Finds actors who appeared in 3 or more movies, ordered by movie count.

================================================================

6. ADVANCED - Shortest path between two actors
-----------------------------------------------
MATCH path = shortestPath((actor1:Person {name: "Kevin Bacon"})-[*]-(actor2:Person {name: "Tom Hanks"}))
WHERE actor1 <> actor2
RETURN path, length(path) AS pathLength

Finds the shortest connection between Kevin Bacon and Tom Hanks (classic "Six Degrees of Kevin Bacon").

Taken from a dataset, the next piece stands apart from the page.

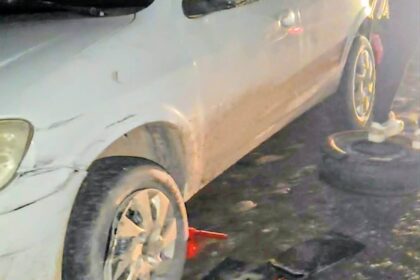 Ruta 151. Decenas de vehículos varados con roturas por pozos y banquinas rotas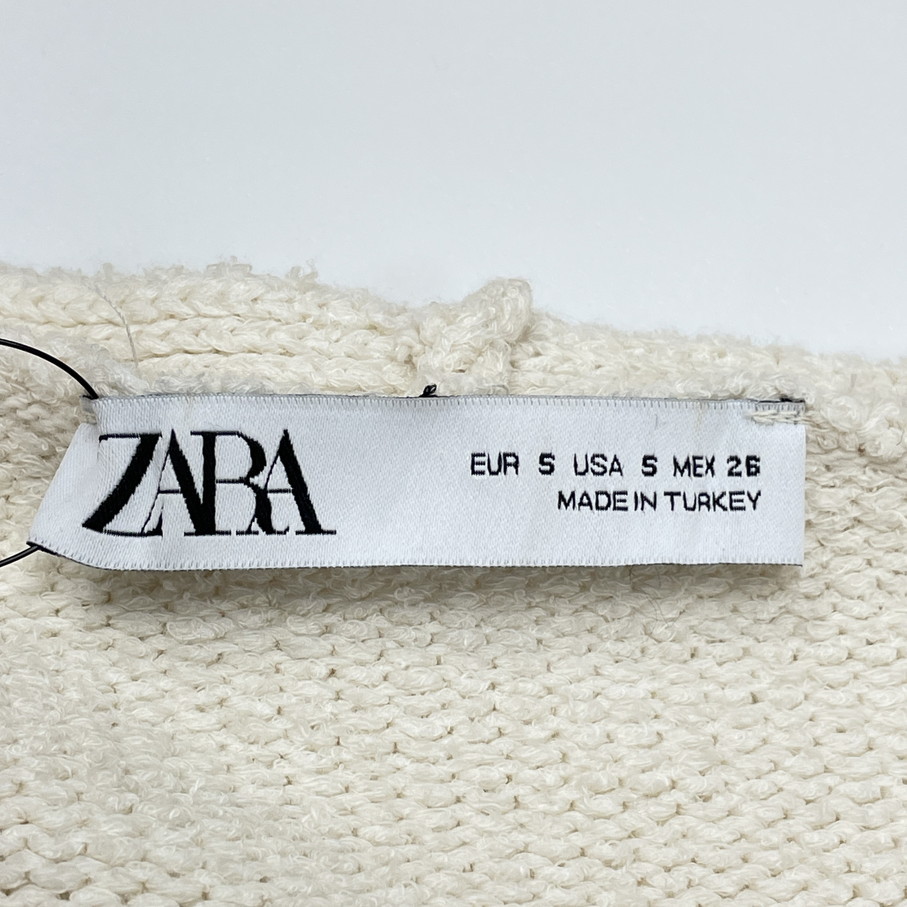 未使用品 /S/ ZARA アイボリー ニットクロップドボタンカーディガン レディース タグ カジュアルトップス 大人可愛い 羽織り デイリー ザラ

================================================================

7. ADVANCED - Movie recommendations based on shared actors
-----------------------------------------------------------
MATCH (user:Person {name: "Tom Hanks"})-[:ACTED_IN]->(movie:Movie)<-[:ACTED_IN]-(coActor:Person)
MATCH (coActor)-[:ACTED_IN]->(recommendation:Movie)
WHERE NOT (user)-[:ACTED_IN]->(recommendation)
WITH recommendation, count(DISTINCT coActor) AS sharedActors
RETURN recommendation.title, recommendation.released, sharedActors
ORDER BY sharedActors DESC, recommendation.title
LIMIT 10

Recommends movies based on actors who worked with Tom Hanks, ranked by number of shared connections.

================================================================

8. ADVANCED - Complex aggregation with multiple relationship types
-------------------------------------------------------------------
MATCH (m:Movie)
OPTIONAL MATCH (m)<-[:ACTED_IN]-(actor:Person)
OPTIONAL MATCH (m)<-[:DIRECTED]-(director:Person)
OPTIONAL MATCH (m)<-[:PRODUCED]-(producer:Person)
OPTIONAL MATCH (m)<-[:WROTE]-(writer:Person)
WITH m, 
     collect(DISTINCT actor.name) AS actors,
     collect(DISTINCT director.name) AS directors,
     collect(DISTINCT producer.name) AS producers,
     collect(DISTINCT writer.name) AS writers
RETURN m.title, 
       m.released,
       size(actors) AS actorCount,
       size(directors) AS directorCount,
       size(producers) AS producerCount,
       size(writers) AS writerCount,
       actors[0..3] AS topActors
ORDER BY actorCount DESC

Comprehensive movie analysis with all crew types and partial cast display.

================================================================

9. EXPERT - Network analysis: Find highly connected movie clusters
--------------------------------------------------------------------
MATCH (m1:Movie)<-[:ACTED_IN]-(actor:Person)-[:ACTED_IN]->(m2:Movie)
WHERE id(m1) < id(m2)
WITH m1, m2, count(actor) AS sharedActors
WHERE sharedActors >= 2
RETURN m1.title AS movie1, 
       m1.released AS year1,
       m2.title AS movie2, 
       m2.released AS year2,
       sharedActors,
       abs(toInteger(m1.released) - toInteger(m2.released)) AS yearDiff
ORDER BY sharedActors DESC, yearDiff ASC
LIMIT 15

Finds movie pairs with significant actor overlap and calculates the time difference between releases.

================================================================